About the stunning painting, Rast says, “I put the beauty and softness in her eyes to represent the beauty of her inner attributes, that she’s good and gracious with dignity and charity on the inside. You  have to paint the outside to show she internally had those characteristics we all seek.”

Other symbols found in the painting include the light around Ruth’s head, which represents revelation, knowledge, and truth. The heavy use of gold in the background and the color of the wheat symbolize things that are pure and precious, as well as the celestial kingdom, our ultimate goal. Ruth’s hands are a focal point of the piece, showing her strength and representing providence and blessings, especially those that come through work.

“People tell me I’m an ‘emotional painter,’” Rast confesses. “I love it.
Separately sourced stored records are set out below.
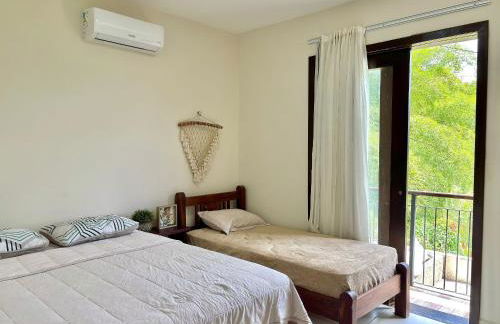 Casa Bambu – Seu refúgio na serra de Areia - Foto 6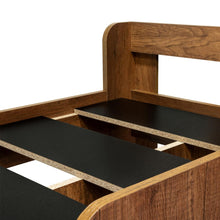 Camarote Flamenco, Cobre, con Baranda de Seguridad y Escalera Auxiliar de Acceso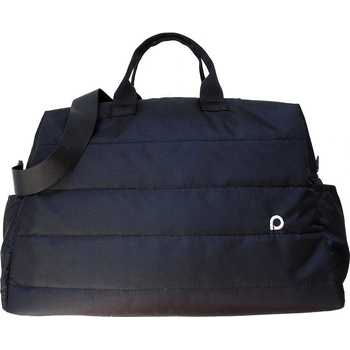 Pinkie kabela Plain černá XL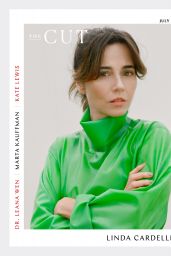 Linda Cardellini - Photoshoot for The Cut July 2019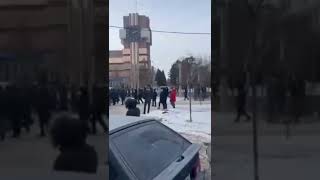 ПАВЛОДАР ШЫҚТЫ!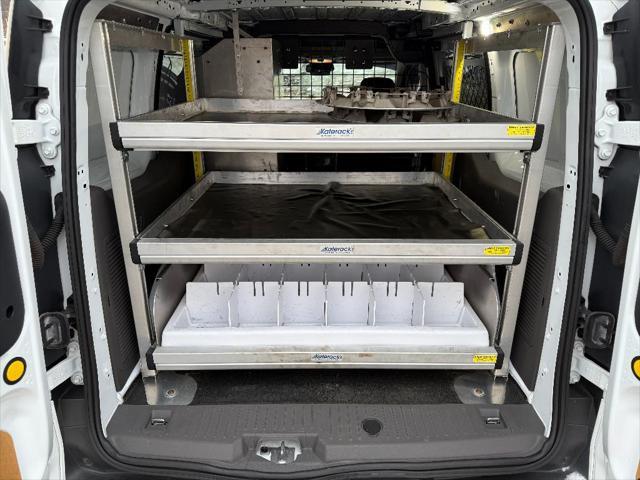used 2019 Ford Transit Connect car, priced at $15,995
I want to be the emotional painter. I want my paintings to bring out the emotions within us that will teach us.” She explains, “If we look underneath the stories, we realize there are feelings and emotions that can influence our own lives.”
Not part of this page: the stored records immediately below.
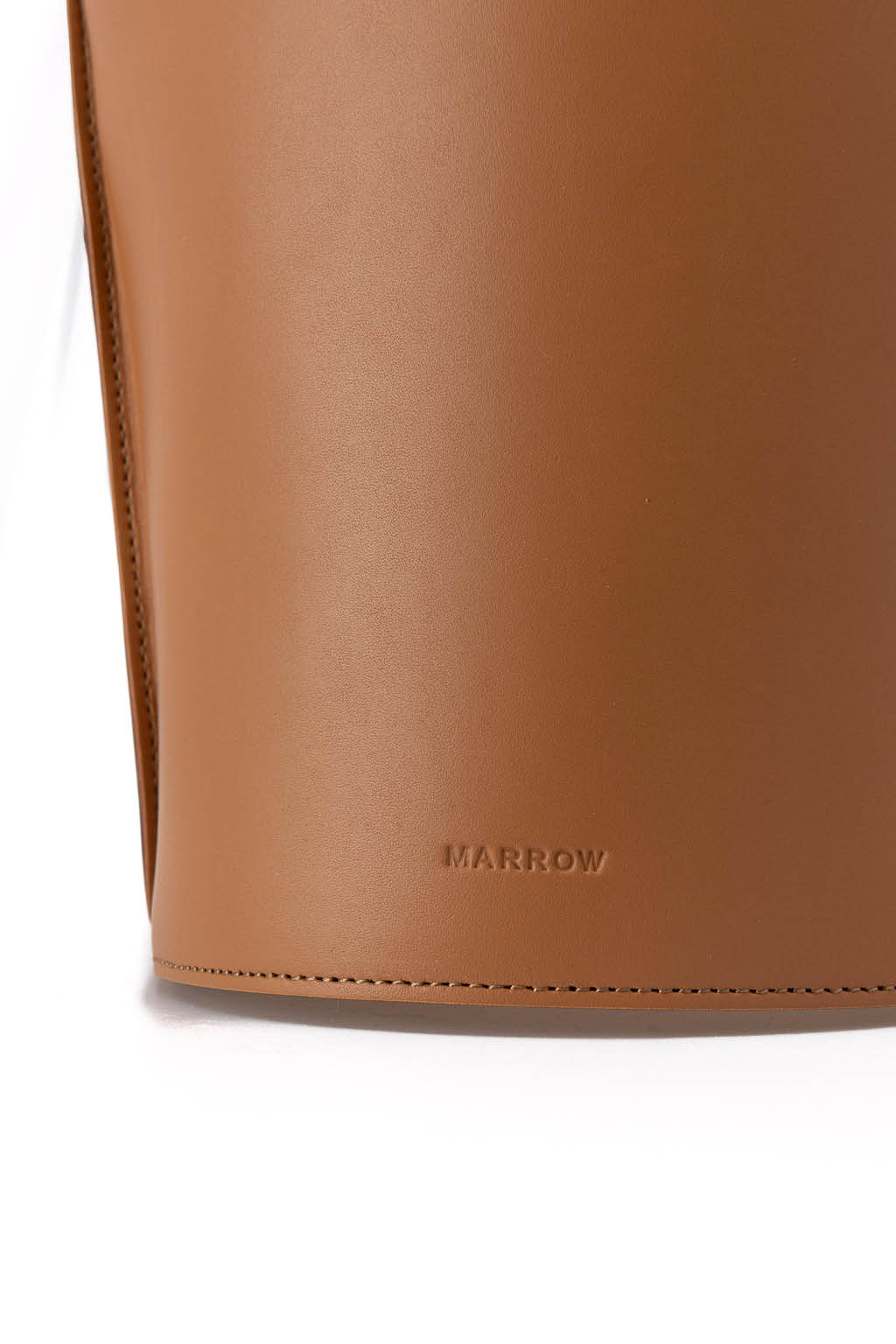 MARROW - Scarf Tube- Cinnamon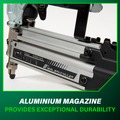 Brad Nailers | Metabo HPT NT50A5M 18-Gauge 2 in. Pro Brad Nailer image number 8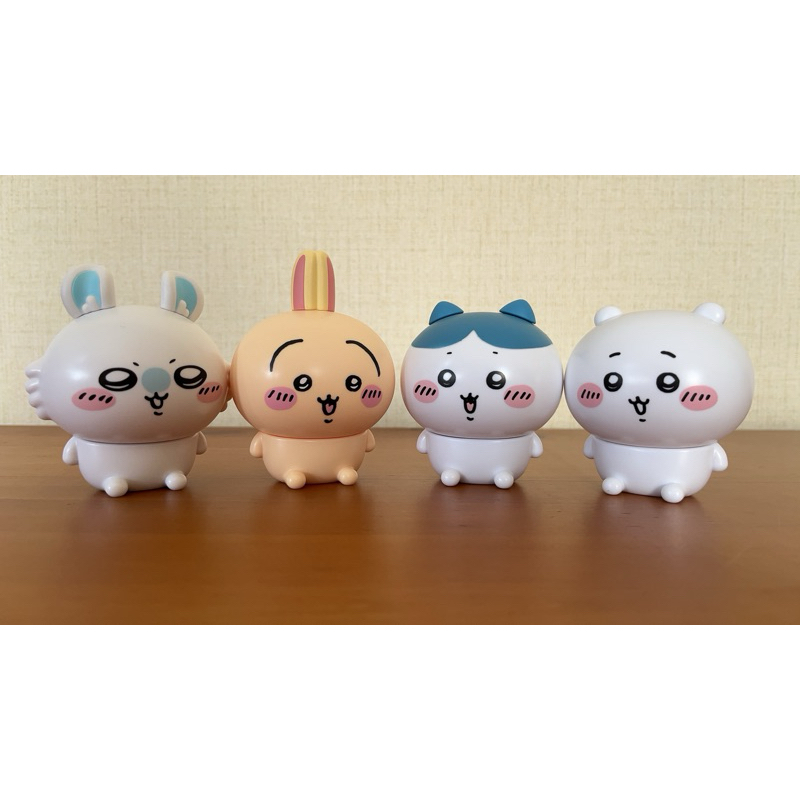 [Limited Restock - Chính hãng Bandai Nhật] Bandai Mô hình Chiikawa lắp ...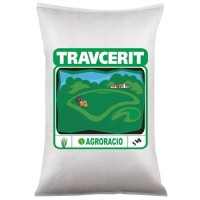 Travcerit Gyeptrágya - 5 kg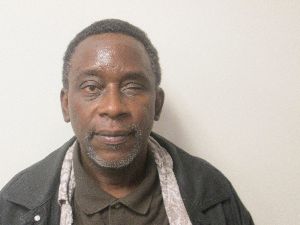 Photo of MOSLEY, DAMOND UNDRAY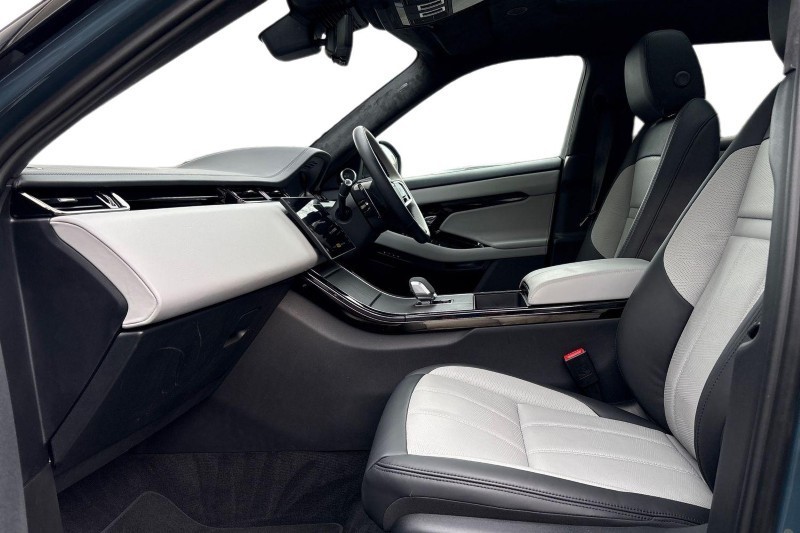 Used Land Rover Range Rover Evoque 2024 for sale - 77033008: Photo 3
Purchase Ruth for your home at Deseret Book stores and deseretbook.com


Eternal Companions

MIKE CALL

Originally created as a gift for the parents of the sculptor’s assistant, Eternal Companions was made to show the special relationship senior missionaries have with each other and with the Lord.

Mike Call, the artist behind the work, explains: “I wanted to capture a couple walking side by side, hands clasped affectionately, leaning on and supporting each other. I envisioned them anxiously engaged in missionary service, possibly heading off to a teaching appointment. I wanted to capture the joy both of service and of the special relationship between a committed husband and wife—eternal companions.”

As Call worked to carefully craft Eternal Companions, he says, “I thought about my parents, who are serving a part-time mission, and my grandparents, and great-grandparents, many of whom served as couple missionaries. I began to think about what was different from my mission as a 19-year-old and their missions. It became clear that this was a special service that they could render together with the companion of their choice, the person that they shared sacred covenants with and had spent the majority of their lives with, raising a family and serving faithfully in the Church. It became clear to me that what was really at the heart of this sculpture was that special relationship, the dedication to each other and to the Lord.”

Purchase Eternal Companions for your home at Deseret Book stores and deseretbook.com.


Adorned with Forget-Me-Nots

ROSE DATOC DALL

The Young Women value of individual worth is stunningly displayed in Rose Datoc Dall’s painting Adorned with Forget-Me-Nots, a piece which Dall hopes sends the message that each one of us, particularly women, is of infinite worth.

“I think each young woman needs to be able to know that she is loved and valued,” Dall says. She adds that this goes for adult women as well. She hopes that every woman who sees her painting may understand that the Lord loves her individually and will never forget her.

Bekah Pence, the model depicted in this painting, is surrounded by the color red, which represents courage and that a virtuous woman’s value is far above the price of rubies. Her hair is lined with forget-me-not flowers, a nod to President Uchtdorf’s October 2011 address, “Forget Me Not.”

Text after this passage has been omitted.